Avant cet incident, Virginia a toujours participé aux activités psychosociales organisées par OCCEDH dans « l’espace ami des enfants » que l’organisation locale tient dans son quartier. Depuis deux ans, la violence sévit à Delmas et Bel-Air, et les populations sont souvent prises entre deux feux quand les gangs rivaux s’affrontent. L’UNICEF en partenariat avec des ONG locales, tient des « espaces amis des enfants » pour fournir un environnement sûr où les enfants peuvent accéder au soutien nécessaire pour faire face à l'impact de la violence armée.
« La santé mentale et le bien-être psychosocial figurent parmi les priorités de la stratégie de protection de l'enfance de la décennie. Les « espaces amis des enfants » offrent une gamme d'activités, y compris le jeu, le sport et l'expression artistique, pour aider les enfants, à surmonter les épreuves dont ils font face” dit Charleston Talleyrand, agent psychosocial à OCCEDH.
En 2022, quelque 9.900 enfants vivant dans les zones de conflit de Port-au-Prince comme Virginia ont bénéficié de ces activités.
Aujourd’hui, Charitée craint pour la sécurité de sa fille et est hantée par l'idée que cet affreux incident puisse se reproduire. « J'ai peur de cette maison mais je n'ai nulle part où aller », dit-elle. Selon le Bureau des Nations unies pour la coordination des affaires humanitaires (OCHA), 1,5 million de personnes, soit la moitié de la population de Port-au-Prince, sont directement touchées par les violences armées et l’exercice de leur liberté de circulation et d'accès aux services de base s’en retrouve restreint.

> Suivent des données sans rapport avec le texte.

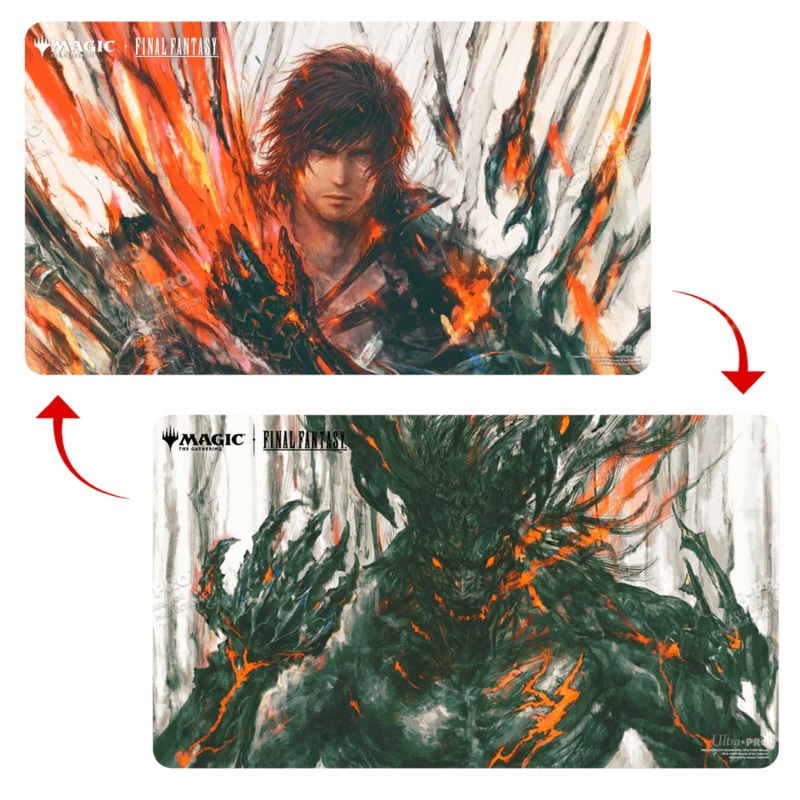 FINAL FANTASY DOUBLE-SIDED PLAYMAT Clive, Ifrits Dominant / Ifrit, Warden of Inferno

Pres d’un ménage sur 10 ménages ont connu des incidents de sécurité en Haïti au cours des 12 mois précédant l'évaluation d’OCHA. Ils sont presque un ménage sur quatre dans la zone métropolitaine de Port-au-Prince. Ces statistiques alarmantes indiquent que de nombreux enfants en Haïti vivent dans des situations à haut risque et ont besoin d'un soutien ciblé pour faire face à l'impact de la violence armée.
Avec la violence causée par les groupes armés qui accable Haïti, bon nombre de familles ne peuvent plus mener leur petit commerce ou autres activités économiques, ce qui est un facteur aggravant de la pauvreté. En raison de la période de convalescence de sa fille, Charitée, ne peut poursuivre son petit commerce. Elle doit rester au chevet de sa fille, alors que celle-ci doit mieux se nourrir afin que son traitement soit efficace. Pendant quelques jours, elle pourra compter sur l’appui d’OCCEDH pour subvenir à ses besoins.
Charitée se dit que les choses vont s’améliorer car Haïti ne peut pas rester ainsi, indéfiniment. « J'espère vraiment qu'un jour, ça ira mieux. J'ai la foi et je continue à prier. Je suis désespérée mais j’ai encore du courage puisque ma fille est en vie », a-t-elle déclaré.